My family likes hamburgers and we eat them far too often, but most burgers satisfy me just because they are burgers. I have found that you usually get what you pay for and local businesses nearly always serve better burgers than huge chains. However, I have eaten few burgers that made me say “Wow!” until I met Tonyburgers.
Tonyburgers promotes its proprietary blend of “top-quality sirloin, chuck and brisket that is ground fresh daily and hand pattied.” A large variety of toppings, including several cheeses and dressings, are included in the price. Tonyburgers also makes its burger and salad dressings in-house. The “Wow!” factor for me was the contrast of hot meat with ice cold lettuce. The jalapenos and spicy sauce I selected gave it extra kick. All that freshness on a toasted bun kept me happy to the last bite.

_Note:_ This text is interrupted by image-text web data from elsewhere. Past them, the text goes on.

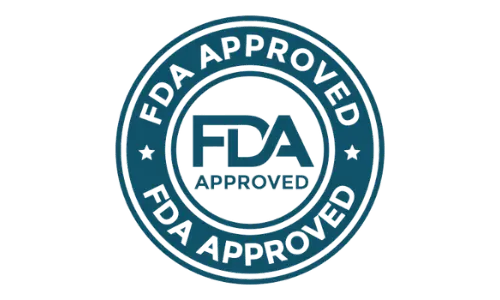 Oradentum Made in FDA-Registered Facility ensuring top quality, safety, and reliable oral health support
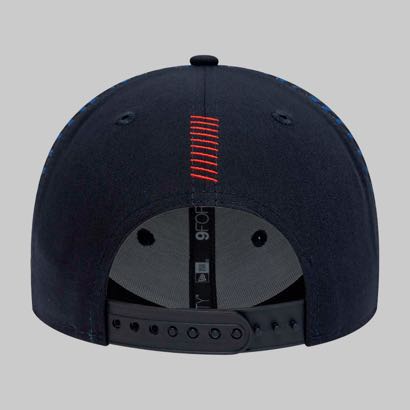 Gorra New Era Red Bull Racing Team 9Forty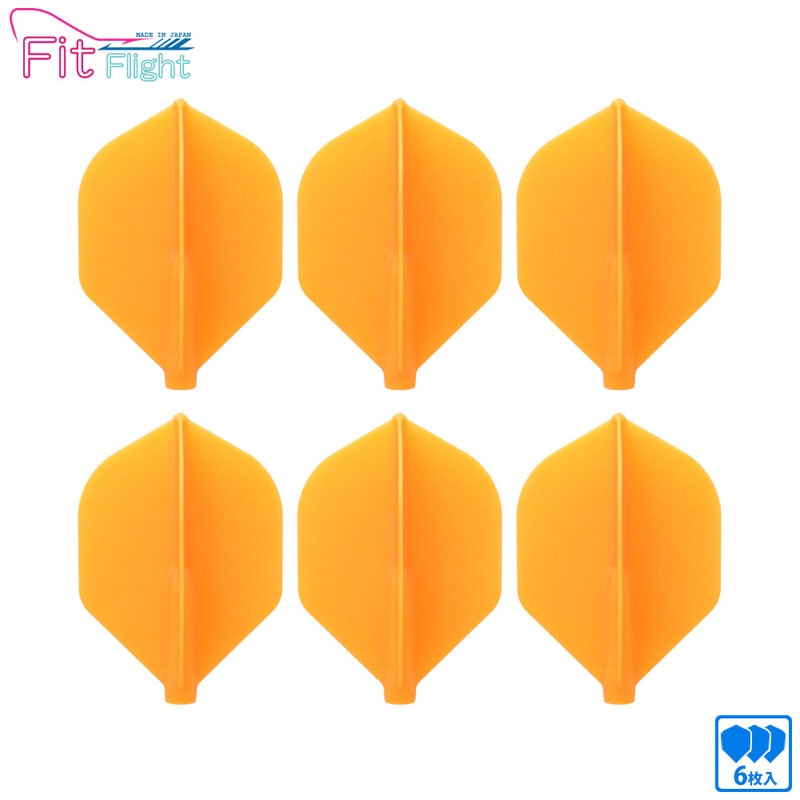 COSMO DARTS(�����������) Fit Flight(�ե��åȥե饤��) �����å� 6������ ����� ̵�ϡ�(������ �ե饤��)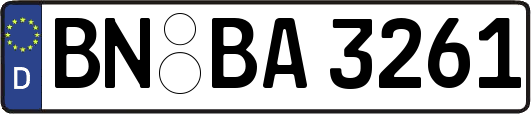 BN-BA3261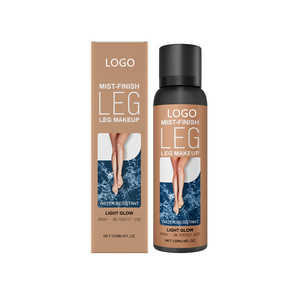 OEM verano al aire libre sedoso suave radiante nutritivo hidratante esencia líquida forma pierna bronceado corrector Spray - Product Image 4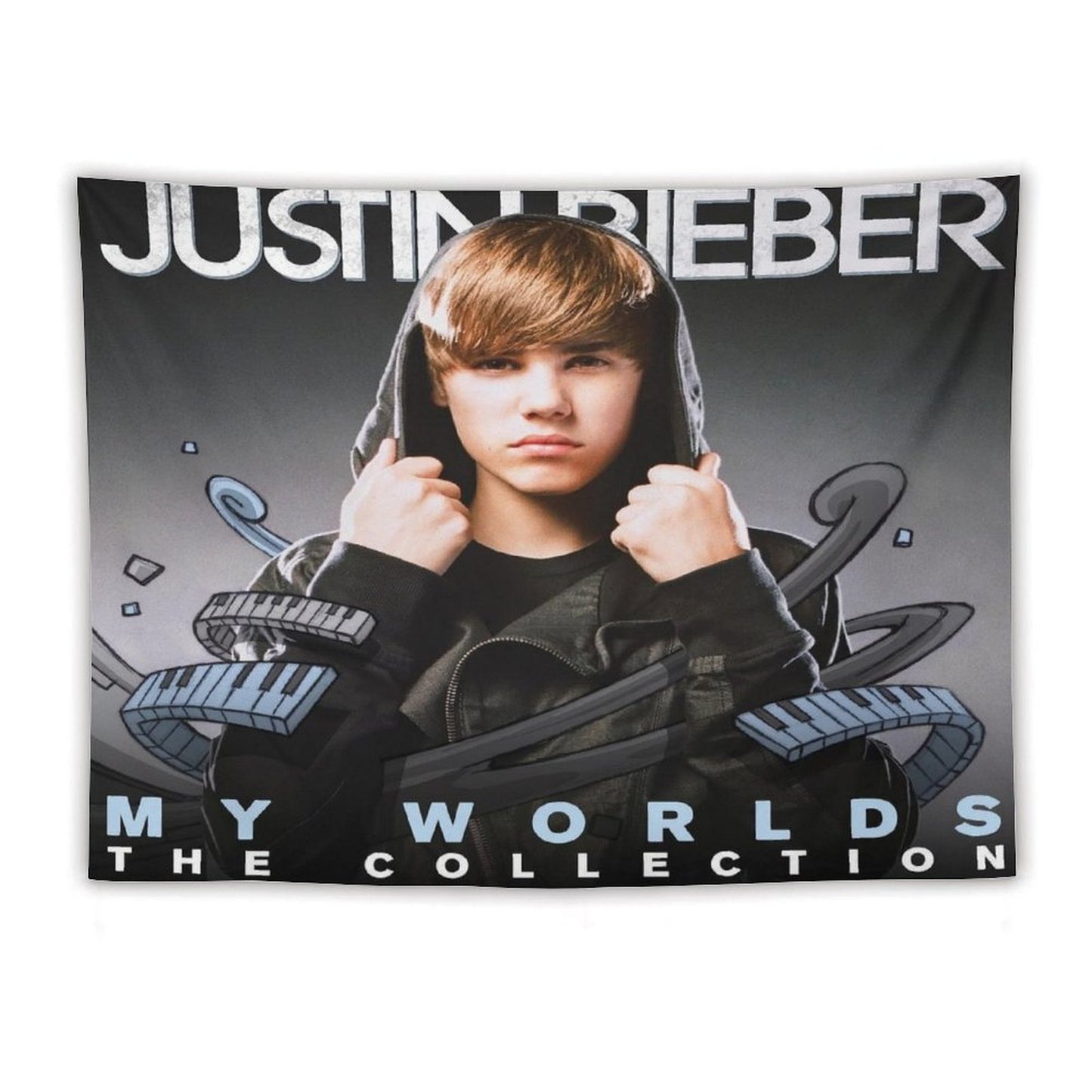 My Worlds The Collection Tapestry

We visited the new Tonyburgers restaurant at 1917 W 1800 N in Clinton, Utah. Tonyburgers can also be found at 613 E. 400 S. in Salt Lake City, though when I’m in that neighborhood, I’ll still have a hard time choosing Tonyburgers over our sentimental favorite, Hires Big H.
I ordered the regular burger, not the Big T, which boasts two 1/4 lb. patties. My 1/4 lb. burger seemed small, but the portion was just right. Most large restaurant burgers leave me overstuffed. My combo included a generous helping of shoestring fries – too many to finish. Tonyburger’s self-serve condiment station featured not one, but TWO varieties of fry sauce: regular and hickory. Yay!

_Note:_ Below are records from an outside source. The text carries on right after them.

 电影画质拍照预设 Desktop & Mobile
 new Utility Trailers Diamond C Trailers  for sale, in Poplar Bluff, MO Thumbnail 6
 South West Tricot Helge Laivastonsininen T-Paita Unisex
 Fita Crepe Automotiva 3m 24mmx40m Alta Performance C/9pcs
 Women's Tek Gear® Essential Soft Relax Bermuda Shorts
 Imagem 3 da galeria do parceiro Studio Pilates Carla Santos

My children both ordered kids meals, which are advertised to both kids and adults with smaller appetites. I may order one next time because the burger and fries portions looked just right for a lower price. My kids give Tonyburgers a lukewarm review because their meals didn’t come with a toy or playplace, but they did well in Tonyburgers’ casual atmosphere.

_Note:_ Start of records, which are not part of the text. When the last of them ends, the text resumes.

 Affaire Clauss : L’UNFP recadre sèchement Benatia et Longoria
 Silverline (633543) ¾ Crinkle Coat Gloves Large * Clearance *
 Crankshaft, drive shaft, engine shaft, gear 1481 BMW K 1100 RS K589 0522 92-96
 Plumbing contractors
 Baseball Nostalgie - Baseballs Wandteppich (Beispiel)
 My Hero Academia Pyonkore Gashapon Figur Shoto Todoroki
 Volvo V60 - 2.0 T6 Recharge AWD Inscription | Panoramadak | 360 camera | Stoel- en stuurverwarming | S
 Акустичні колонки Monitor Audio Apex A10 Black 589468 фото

Tonyburgers’ menu is short. It’s a restaurant that subscribes to the concept of doing one thing well. Make that two things, because Tonyburgers also has a salad menu that looks pretty good.
We topped off our meal with a chocolate malt to share. At $4 each, we weren’t about to buy everyone their own, especially on full bellies. Like a lot of burger places, Tonyburgers declares that its shakes are the best. According to the Standard-Examiner newspaper, “They are made with real hard 20 percent butterfat vanilla ice cream and are hand scooped and spun like the diners of old.” I’m sorry to say that it didn’t earn my undying loyalty, though our chocolate malt was good, and served with an extra-wide straw.
Speaking of undying loyalty, I’ll be back for another burger.